— Сыграй мне, пожалуйста, — наконец выдавила из себя Эмма, чуть отвернувшись от взволнованного Мартина: теперь она словно боялась смотреть в его добрые голубые глаза.
Сантер дружелюбно улыбнулся, встал со своего места и направился в помещение, где хранил музыкальные инструменты. Эмма, сжавшись всем телом, какое-то время неподвижно сидела, осматривая комнату затуманенным взглядом. Внутри неё творилось что-то странное, даже, наверное, непривычное — уж чересчур новым по сравнению с немым равнодушием казалось ей теперь это ощущение. Но было страшно. Очень страшно.
К счастью, Мартин вернулся быстро и, усевшись рядом с гостьей, начал осторожно перебирать гитарные струны. Несмотря на странную боль, наполнявшую её душу, Эмма была готова слушать, погружаться в этот чудесный, неизведанный мир, сотканный звуками. Теперь музыка была для неё лучше любых слов, лекарств, прогулок — она заменяла ей всё. Всё, что могло спасти, утешить, настроить на новый жизненный лад.
И вот Мартин, полностью собравшись, взял первый аккорд. Музыка шла, рвалась, врезалась в душу, парила средь невидимых облаков, словно птица, звала, манила, прося последовать за собой в таинственные дали, — как в каком-то сказочном сне.
Пальцы музыканта, тепло улыбавшегося, нежно перебирали струны. И в каждом его движении, в каждом слове, в каждом действии отчетливо выделялось одно — любовь к жизни. Искренняя, горячая, незаменимая.

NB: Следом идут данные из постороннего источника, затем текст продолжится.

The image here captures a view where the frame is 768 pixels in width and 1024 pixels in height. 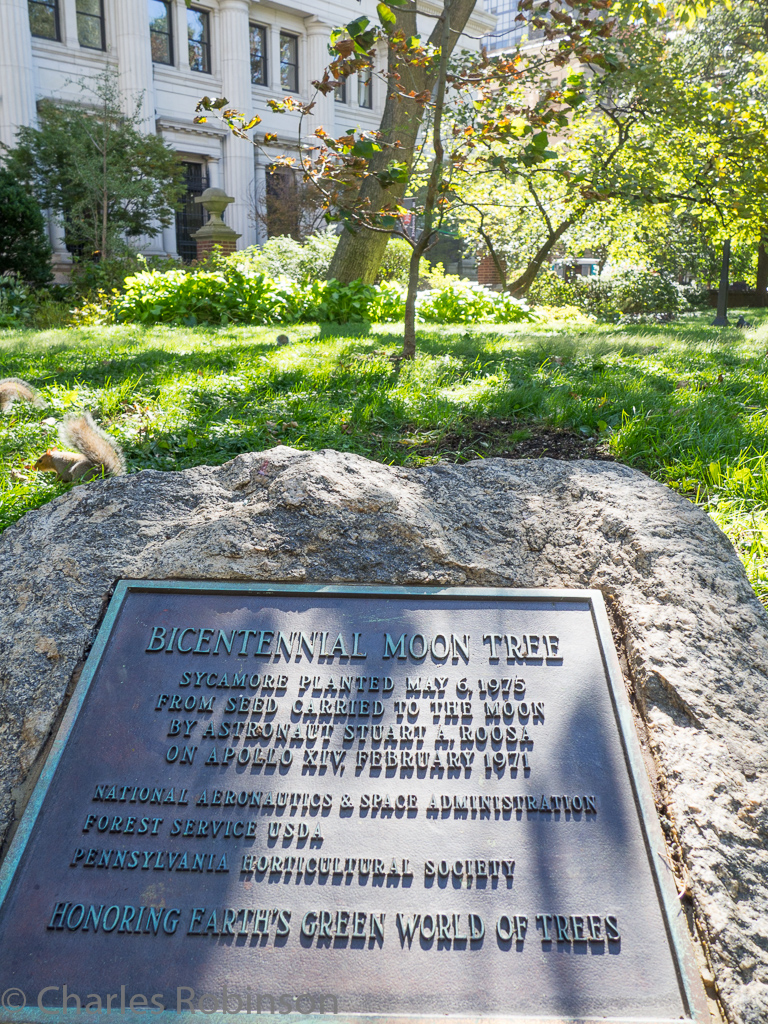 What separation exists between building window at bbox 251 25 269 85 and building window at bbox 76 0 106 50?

Ему не было дела до приговоров судьбы. Он просто жил, наслаждаясь каждым мгновением, воодушевляясь музыкой. Жил словно в каком-то собственном маленьком, но безумно уютном мирке, в котором теперь невольно оказалась и Эмма, совсем другая, чужая, но принятая с распростертыми объятиями.
Несмотря на противоположность характеров, им было хорошо вместе — они радовались каждым совместным мгновением, забыв о горестях и невзгодах.

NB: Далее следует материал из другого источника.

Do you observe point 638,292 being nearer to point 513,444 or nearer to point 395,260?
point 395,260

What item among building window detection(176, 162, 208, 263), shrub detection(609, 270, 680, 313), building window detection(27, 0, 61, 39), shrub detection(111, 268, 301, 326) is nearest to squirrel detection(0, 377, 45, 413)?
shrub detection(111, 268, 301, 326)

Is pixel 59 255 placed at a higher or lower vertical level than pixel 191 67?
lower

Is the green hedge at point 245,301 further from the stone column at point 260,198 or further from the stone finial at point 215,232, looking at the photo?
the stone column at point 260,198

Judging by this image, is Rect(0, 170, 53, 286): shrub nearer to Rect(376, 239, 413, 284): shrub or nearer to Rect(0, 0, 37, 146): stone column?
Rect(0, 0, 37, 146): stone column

Приятное тепло наполняло девушку, струилось, разливалось по всему телу. И хотя боль всё ещё тесно сковывала её, не желая отпускать, с каждым мигом она чувствовала себя всё лучше.
Кажется, что-то загоралось внутри Эммы, озаряя её, воодушевляя. Нет, это была не любовь, но что-то яркое, высшее. Что-то, что заставляло душу то трепетать, то петь, то рыдать — как забытая, но некогда обожаемая песня.
Но вот мелодия оборвалась. Мартин аккуратно снял руки с инструмента и, улыбнувшись Эмме, с горящими глазами и предложил:
— Может, я научу тебя играть?
— Нет, прости… — замялась Эмма, лихорадочно пытаясь придумать отговорку, — я не могу. Мне слишком… Эээ… В общем, не могу, прости…
Девушка нервно сглотнула и, чуть покраснев от смущения, отвернулась: она осознавала, как невнятно прозвучал её ответ — словно лепет ребёнка, на ходу продумывавшего причину своего опоздания. Но Мартин не обиделся. Он явно понимал, прекрасно понимал, что такое личное пространство.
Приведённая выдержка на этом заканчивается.